TASK TO CARRY OUT: Each record should be given again exactly, and any picture in it left out.

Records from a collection
══════
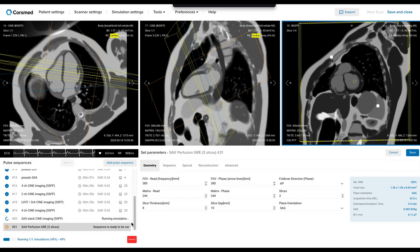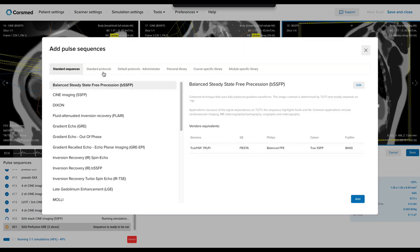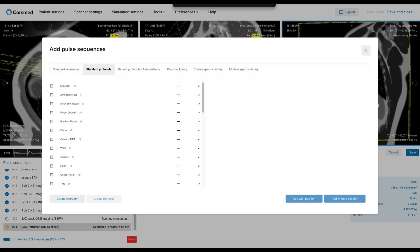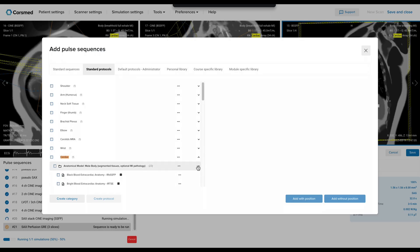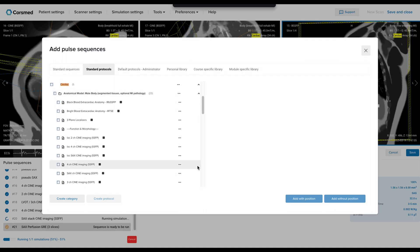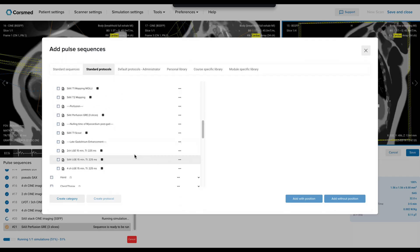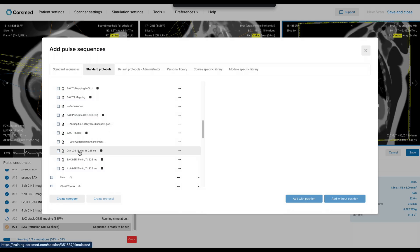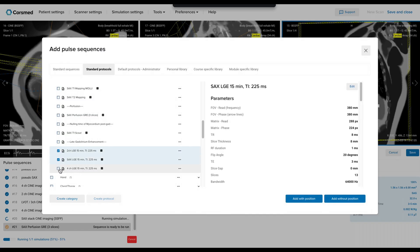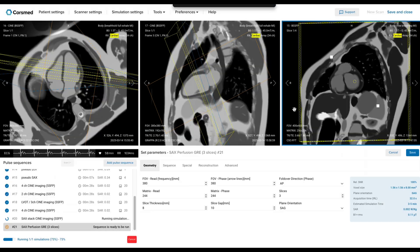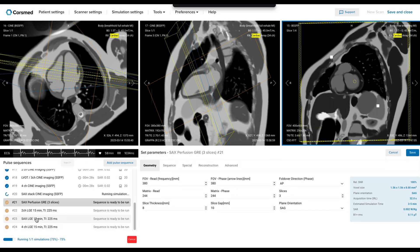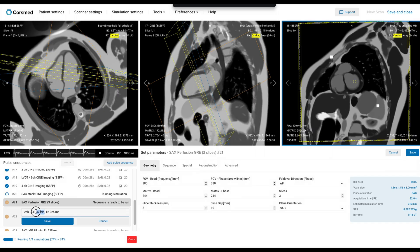However, right after perfusion finishes, we must have our early enhancement sequences already set up. These early sequences show microvascular obstruction, or MVO — areas where contrast can't penetrate due to severe damage. I'll take these early gadolinium sequences and add them with position so we have them ready to go.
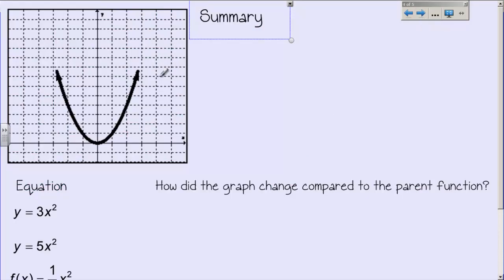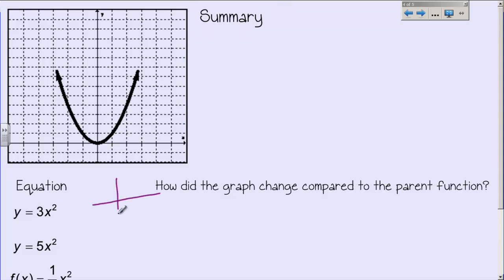Next example. This is still the parent function — it just looks a little different because my graph mainly shows quadrants 1 and 2, since we don't need the bottom half. Now what we're going to do, instead of adding or subtracting a number to x squared, we're going to multiply a number times x squared. Our first one: we're going to make a table and plug in numbers. Instead of x squared, I'm going to do 3x squared — multiply it by 3.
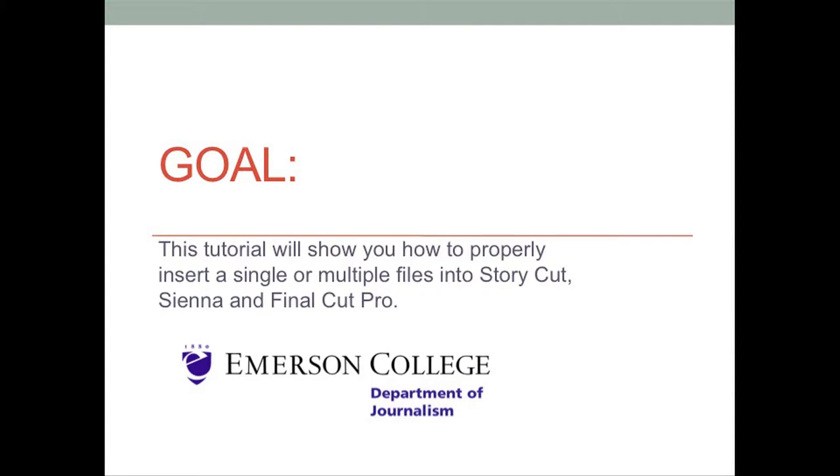This tutorial will show you how to properly insert a single or multiple files into StoryCut, Sienna, and Final Cut Pro.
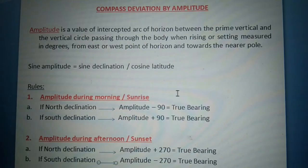Hello everyone and welcome to my YouTube channel. Today I'm going to discuss compass deviation by amplitude.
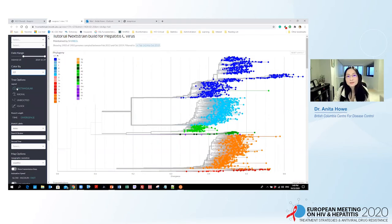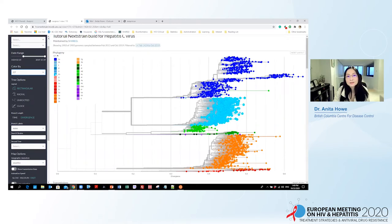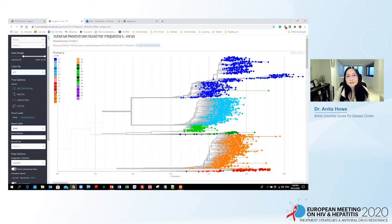Let us first look at the genotype distributions. In the phylogenetic tree, you can see that the sequences are nicely grouped into genotype 1a, 1b, and genotype 3. We only have a few sequences in genotype 4 and genotype 6, and the genotype 2 sequences are located at the bottom of the tree.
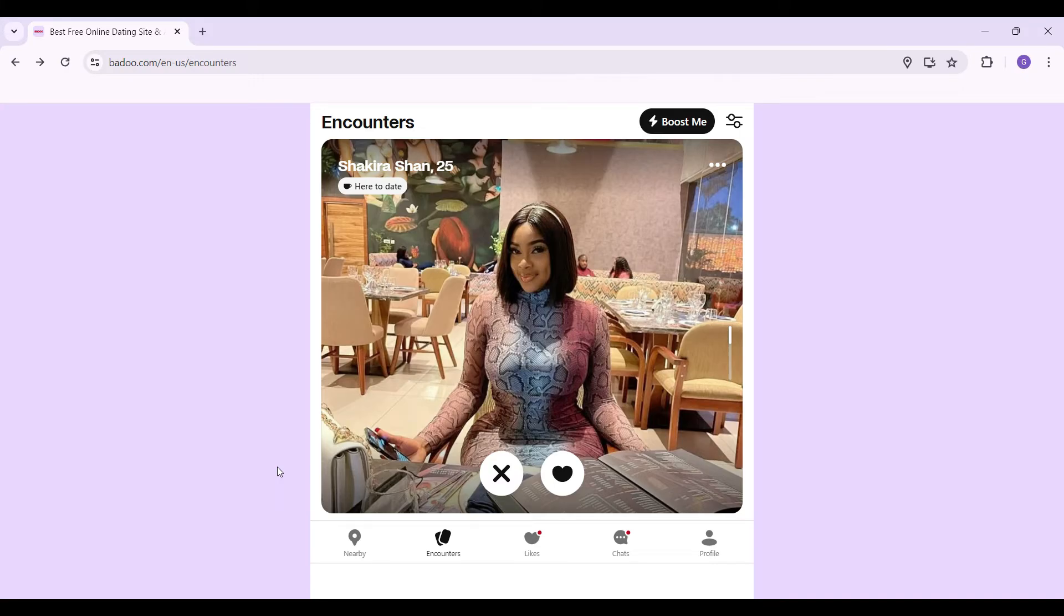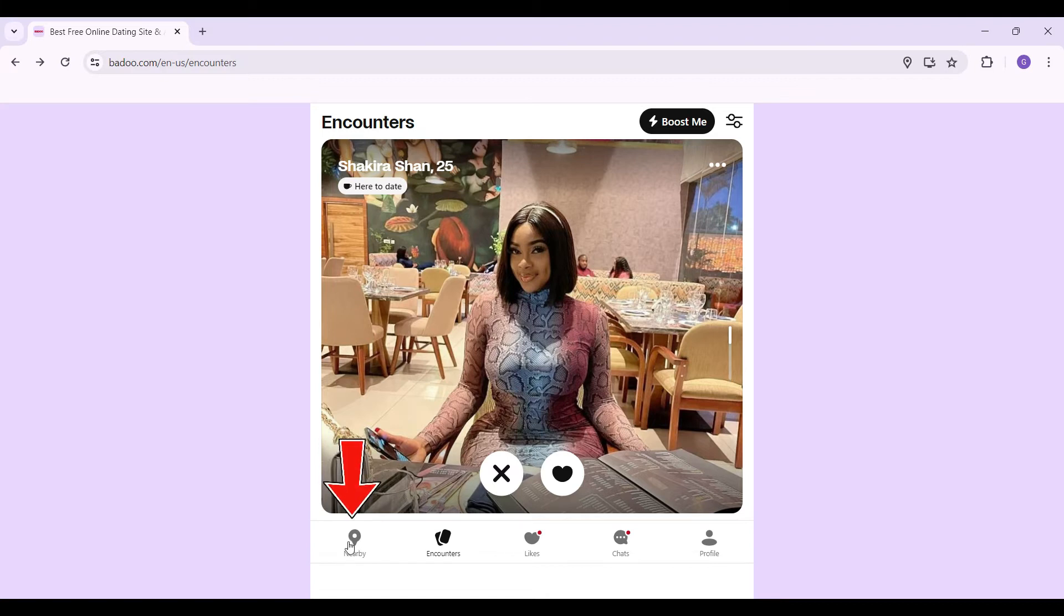Now what we want to do is simply chat. Let's go to this nearby tab right here. Simply click on it. Then at the very top, next to this Boost Me, you'll see a chat icon like this. Simply click on it.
══════
RESULT OF THIS TASK:
However, right after perfusion finishes, we must have our early enhancement sequences already set up. These early sequences show microvascular obstruction, or MVO — areas where contrast can't penetrate due to severe damage. I'll take these early gadolinium sequences and add them with position so we have them ready to go.
Next example. This is still the parent function — it just looks a little different because my graph mainly shows quadrants 1 and 2, since we don't need the bottom half. Now what we're going to do, instead of adding or subtracting a number to x squared, we're going to multiply a number times x squared. Our first one: we're going to make a table and plug in numbers. Instead of x squared, I'm going to do 3x squared — multiply it by 3.
This tutorial will show you how to properly insert a single or multiple files into StoryCut, Sienna, and Final Cut Pro.
Hello everyone and welcome to my YouTube channel. Today I'm going to discuss compass deviation by amplitude.
Let us first look at the genotype distributions. In the phylogenetic tree, you can see that the sequences are nicely grouped into genotype 1a, 1b, and genotype 3. We only have a few sequences in genotype 4 and genotype 6, and the genotype 2 sequences are located at the bottom of the tree.
Now what we want to do is simply chat. Let's go to this nearby tab right here. Simply click on it. Then at the very top, next to this Boost Me, you'll see a chat icon like this. Simply click on it.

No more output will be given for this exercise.